VI. Relativize your permalinks by removing the protocol, domain, and any trailing directories, leaving only the unique slug. If, for example, your posts all follow the URL pattern https://example.edu/blog/the-post-slug, you can use the expression value.replace("https://example.edu/blog/", "/") to return just /the-post-slug.

VII. Export! as a .csv file (e.g. posts.csv) and put it in the _data folder in the root of your Jekyll site.

4. Generate posts/pages from your CSV file using pagemaster.

If you have multiple CSV files (e.g. posts.csv and pages.csv, like I did), set each one up as a separate Jekyll collection in your config.yml file, add gem pagemaster to your Gemfile and install it with $ bundle install, then run $ bundle exec jekyll build or $ bundle exec jekyll serve to build your site and generate the pages/posts. Detailed instructions for setting up your collection(s) in config and using the plugin are in the README.md.

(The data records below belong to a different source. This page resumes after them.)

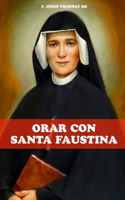 Orar con Santa Faustina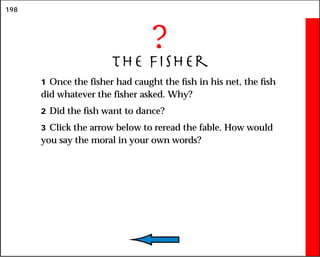 198
?
The Fisher
1 Once the fisher had caught the fish in his net, the fish
did whatever the fisher asked. Why?
2 Did the fish want to dance?
3 Click the arrow below to reread the fable. How would
you say the moral in your own words?
 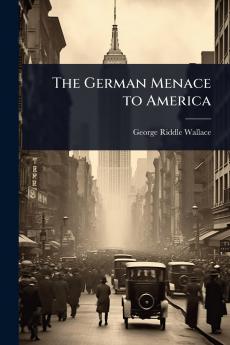 German Menace to America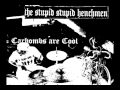Watch Me Die - The Stupid Stupid Henchmen 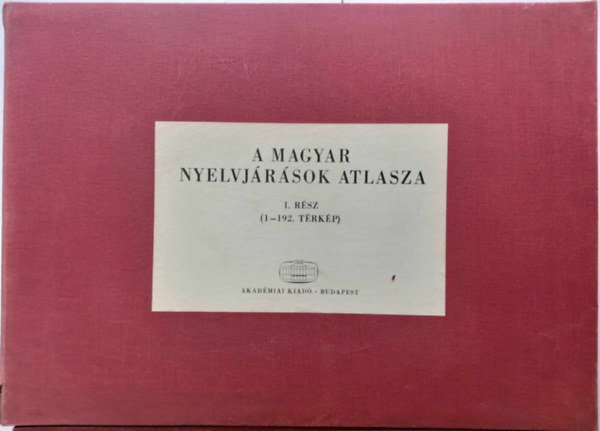 Deme Lszl - Imre Samu (Szerk.) - A magyar nyelvjrsok atlasza I. (1-192. trkp)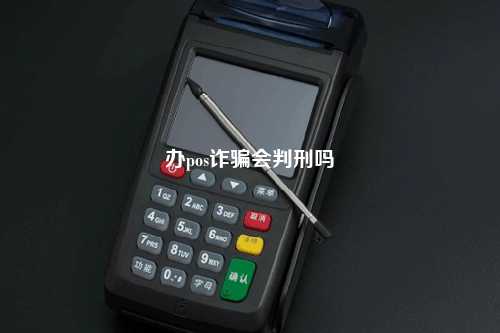 办pos诈骗会判刑吗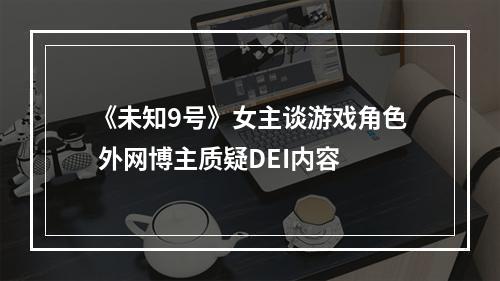 《未知9号》女主谈游戏角色 外网博主质疑DEI内容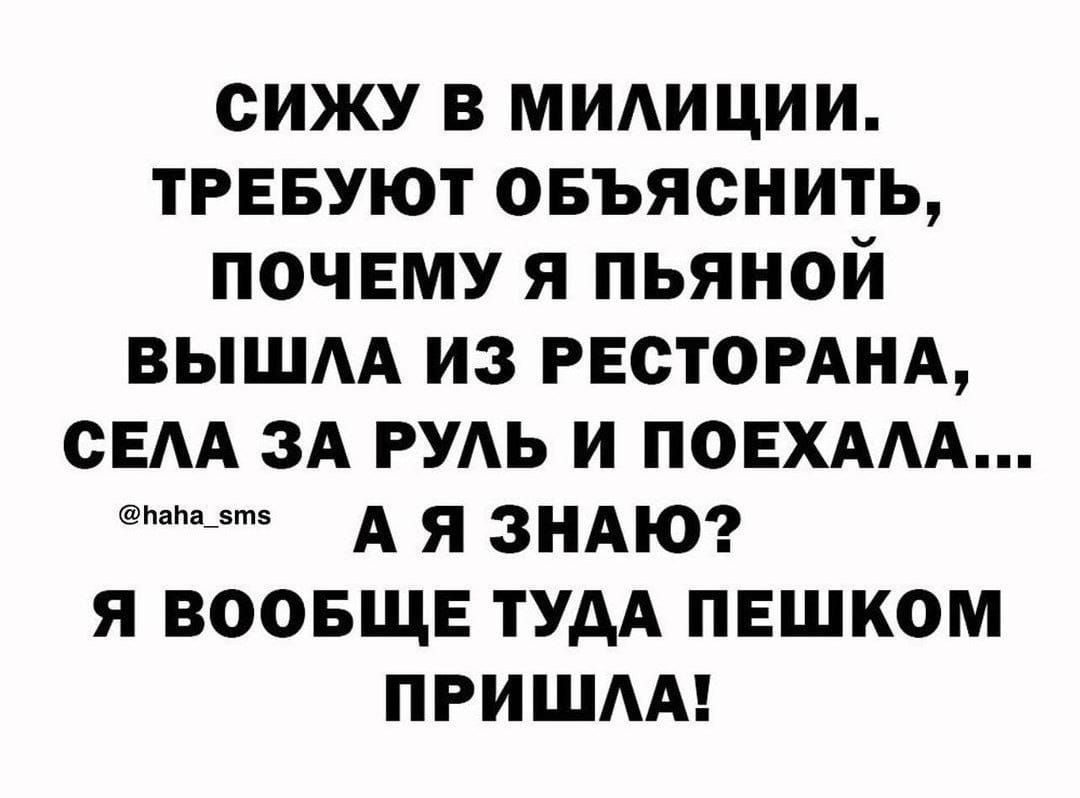 СИЖУ В МИЛИЦИИ ТРЕБУЮТ ОБЪЯСНИТЬ ПОЧЕМУ Я ПЬЯНОЙ ВЫШЛА ИЗ РЕСТОРАНА СЕЛА ЗА РУЛЬ И ПОЕХАЛА эн А Я ЗНАЮ Я ВООБЩЕ ТУДА ПЕШКОМ ПРИШЛА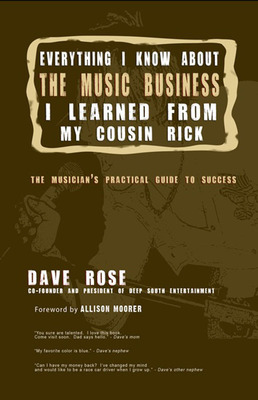 Music Industry Veteran Dave Rose Releases Book for Musicians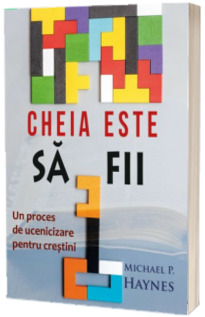 Cheia este sa fii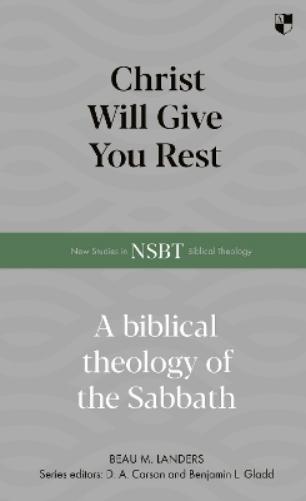 Christ Will Give You Rest
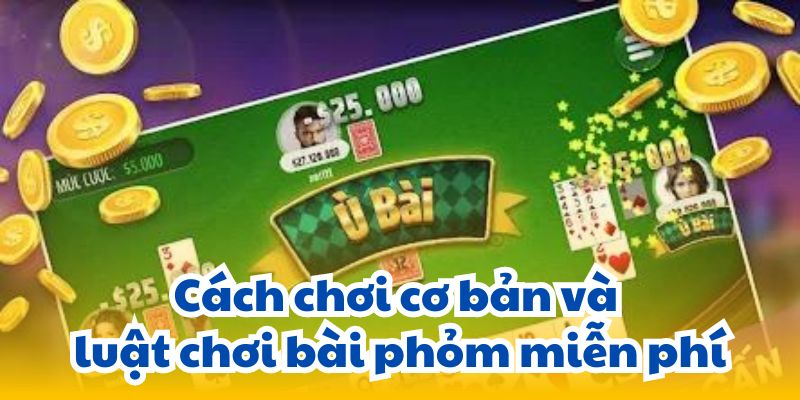 Bài Phỏm Miễn Phí: Trải Nghiệm Game Bài Đỉnh Cao 3 cach-choi-co-ban-va-luat-choi-bai-phom-mien-phi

5. Augment your Jekyll layouts.

Depending on the data you exported, you’ll want to render it on each page/post in different ways. If you included the content from your WP pages and posts in your CSV and renamed the field to something like wp-content back in OpenRefine, you’ll want to change page.html and/or post.html in your _layouts folder to reflect that by replacing {{ content }} with {{ page.wp-content }}.